2. Der Auftraggeber kann den Vertrag auch vor Eintritt der Fälligkeit/des Verzugs kündigen, wenn feststeht, dass der Auftragnehmer seine Leistung bis zum vereinbarten Termin nicht fertig stellen wird bzw. kann.
3. Eine Fristsetzung mit Androhung der Auftragsentziehung ist entbehrlich, wenn der Auftragnehmer das Erbringen seiner Leistung ernsthaft und endgültig verweigert.

Geradezu lehrbuchartig stellte das OLG Stuttgart fest, dass die Voraussetzungen einer Ersatzvornahme vorliegen.

Ein Auftraggeber und ein Auftragnehmer stritten über die Erstattungsfähigkeit von Mehraufwendungen für einen Drittunternehmer nach Kündigung eines VOB-Bauvertrags. Dem ging ein Streit u. a. über die Voll- bzw.
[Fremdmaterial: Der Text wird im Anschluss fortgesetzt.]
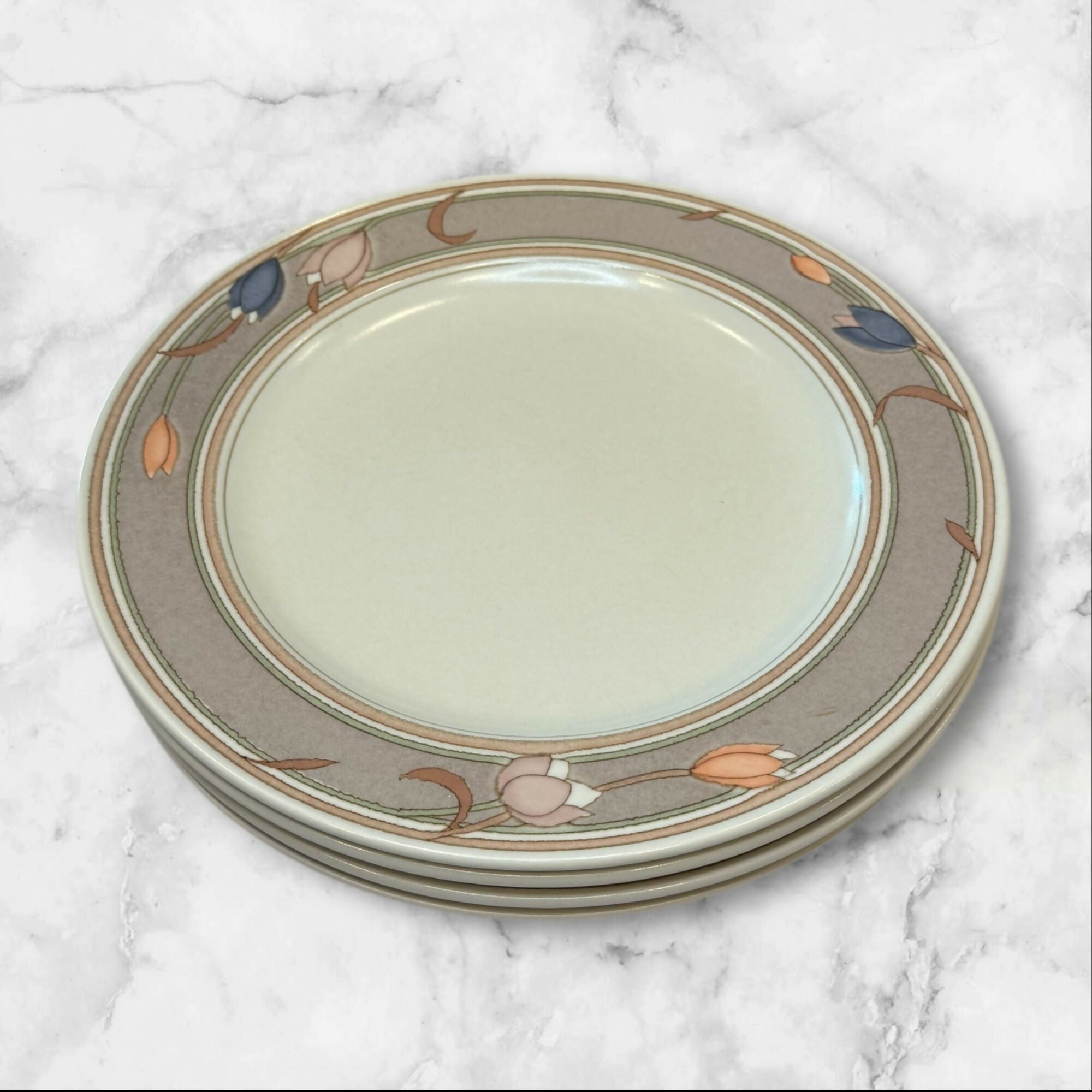 Mikasa Meadow Sun Dinner Plates | Set of 4 | Great Condition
Unvollständigkeit von Werkstattzeichnungen sowie die Bezahlung einer Abschlagsrechnung voraus, der den Auftragnehmer zur Kündigung des Bauvertrags veranlasste. Hierauf reagierte der Auftraggeber durch mit der Mitteilung an den Auftragnehmer, dass Mehrkosten von über 80.000 Euro entstanden seien, und der Aufforderung zum Haftungsanerkenntnis. Das Anerkenntnis wurde nicht abgegeben. Die Sache „ging“ vor Gericht. Im Prozess über die behaupteten Mehrkosten erklärte der Auftraggeber seinerseits ausdrücklich die Kündigung des Bauvertrags.
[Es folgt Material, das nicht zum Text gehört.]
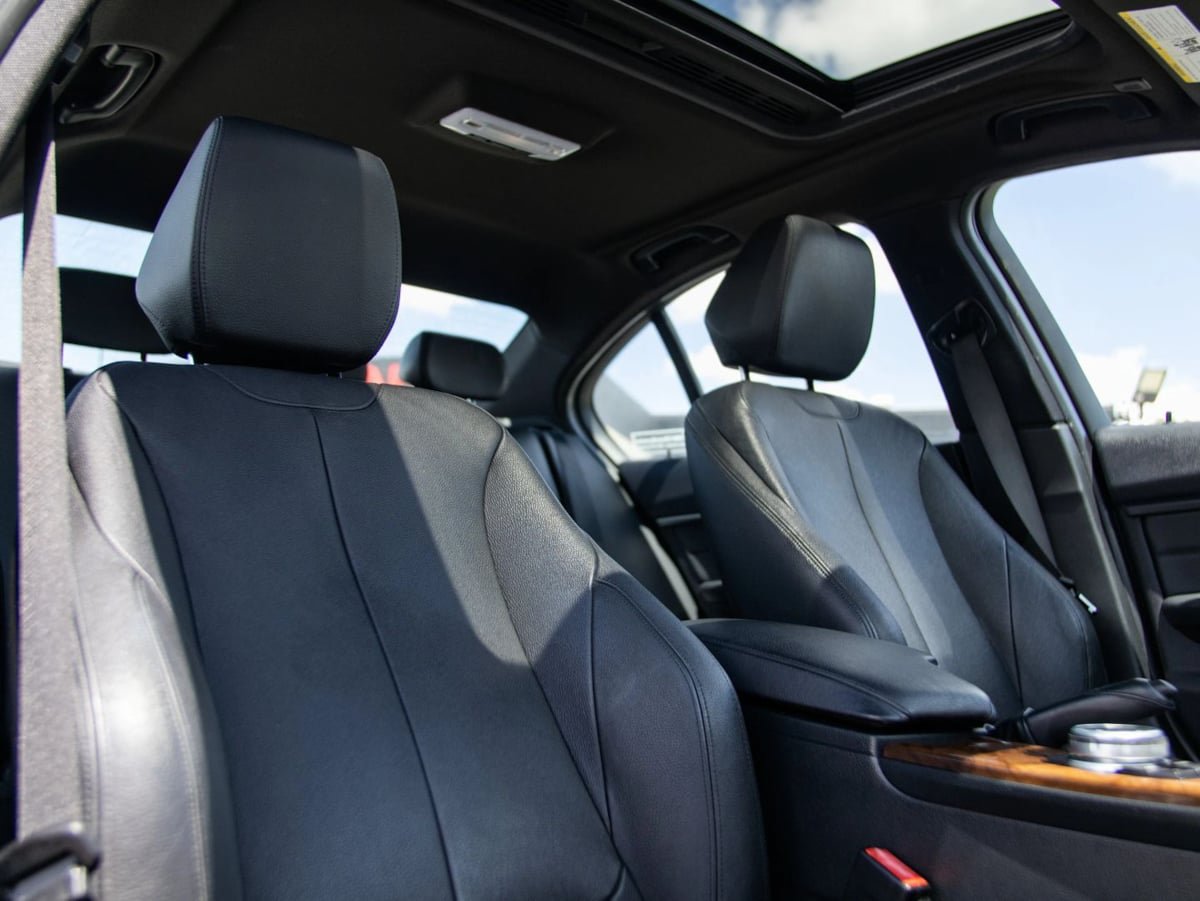 Used 2014 BMW 335i Sedan RWD image 21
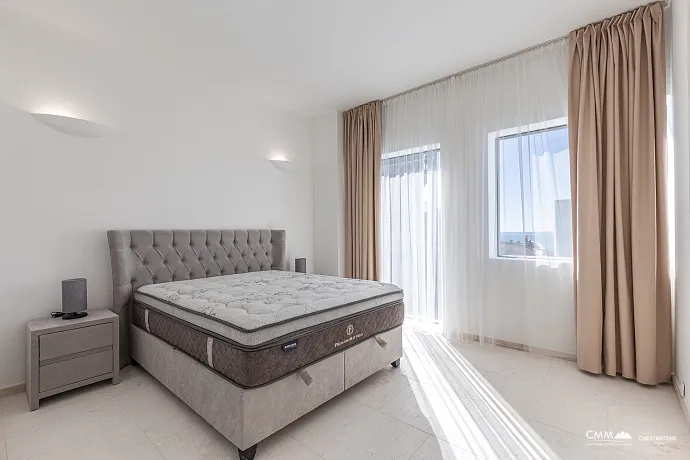 Luxurious villas in the PURE MANSIONS complex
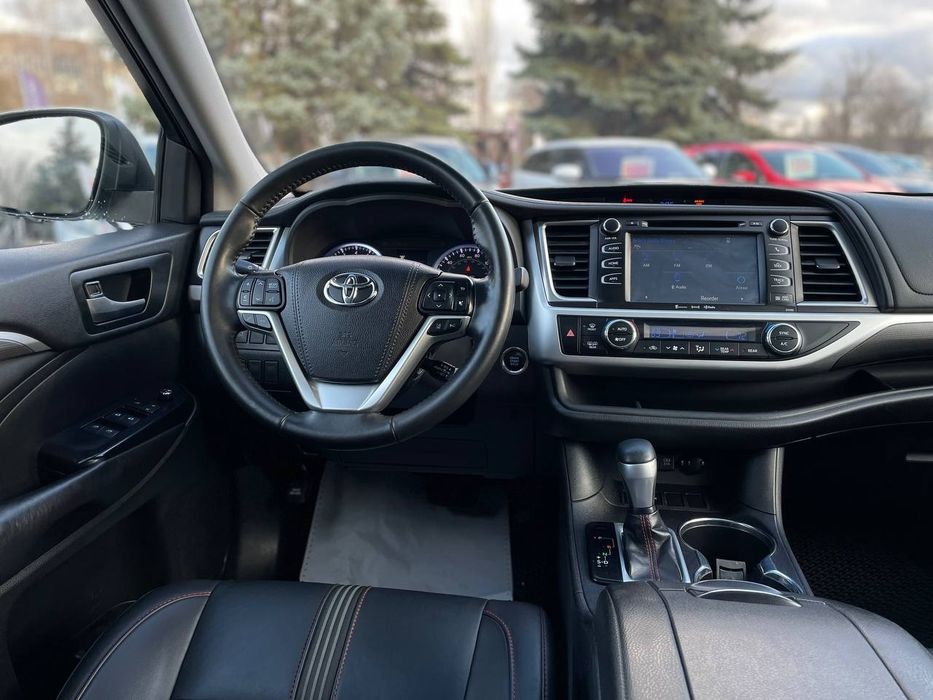 Toyota Highlander №3871 (ВНЕСОК від 10%) Альянс Авто Кривий Ріг
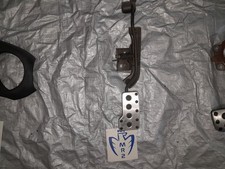 GAS PEDAL  ACCELERATOR THROTTLE TOYOTA  MR2 SPYDER 2000-2005 00 01 02 03 ZZW30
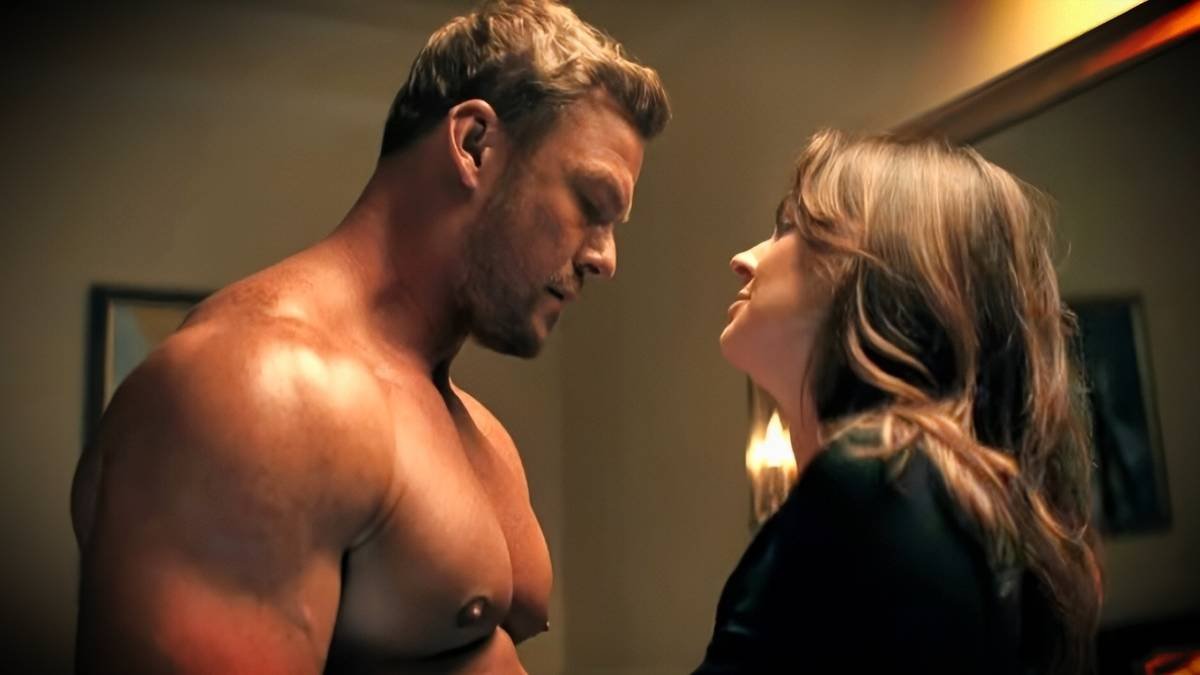 _1movie_mania_ tweet picture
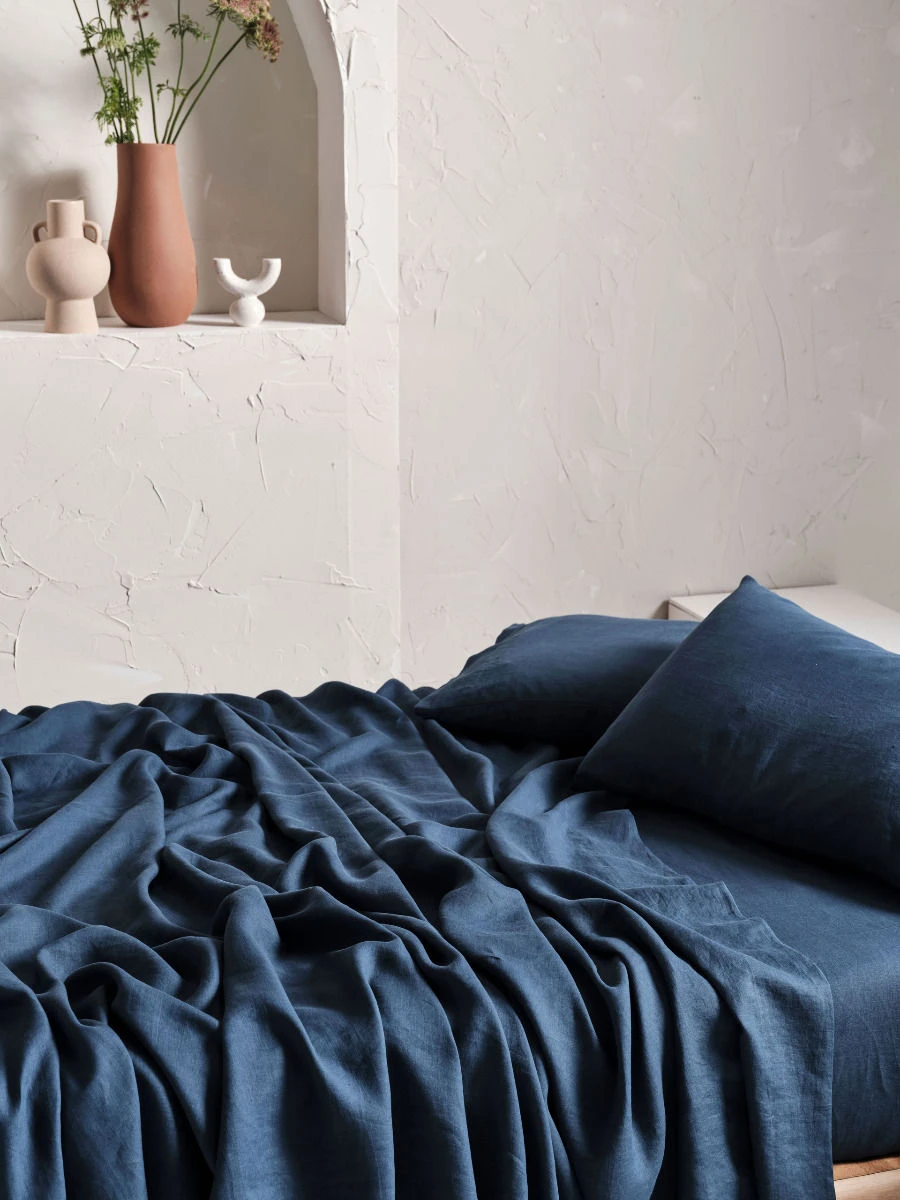 Linen House Pure Linen Navy Sheet Set 4 Linen House Pure Linen Navy Sheet Set - Image 4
Letztendlich sprach das OLG dem Auftraggeber die geltend gemachten Mehrkosten zu und knüpfte hiermit an die jüngere Rechtsprechung des BGH an. Eine Kündigung des Auftraggebers war nicht bereits wegen der vorangegangenen (unberechtigten) Kündigung des Auftragnehmers entbehrlich. Auch eine ernsthafte und endgültige Erfüllungsverweigerung des Auftragnehmers, die in einer unberechtigten Kündigung gesehen werden kann, macht eine Kündigungserklärung des AG nicht überflüssig. Vielmehr muss der Auftraggeber – zumindest konkludent – zum Ausdruck bringen, dass er den Vertrag beenden will. Ein Anspruch aus § 4 Nr. 7, § 8 Nr. 3 Abs. 2 Satz 1 VOB/B (2006) setzt grundsätzlich eine schriftliche Kündigungserklärung des AG voraus. Es ist auf Seiten des Auftraggebers also ein Verhalten erforderlich, das dem mit der Regelung verfolgten Zweck, klare Verhältnisse zu schaffen, gerecht wird. Er muss wenigstens konkludent zum Ausdruck bringen, dass er den Vertrag mit dem Auftragnehmer beenden will (Anschluss an BGH, IBR 2018, 68). Diesen jedenfalls erforderlichen konkludent zum Ausdruck gebrachten Willen entnahm das Gericht dem Schreiben nach Kündigungserklärung des Auftragnehmers. Damit machte der Auftraggeber Schadensersatz wegen Nichterfüllung gemäß § 281 BGB geltend. Werkleistungen wurden nicht mehr verlangt. Das Rechtsverhältnis sollte in ein Abrechnungsverhältnis überführt werden. Hierin sei eine konkludente Kündigung zu sehen. Eine vorherige Fristsetzung mit Androhung der Auftragsentziehung war ausnahmsweise, angesichts der Erfüllungsverweigerung des Auftragnehmers entbehrlich. Auf die im späteren Prozess erklärte Kündigung kam es im Ergebnis also nicht (mehr) an.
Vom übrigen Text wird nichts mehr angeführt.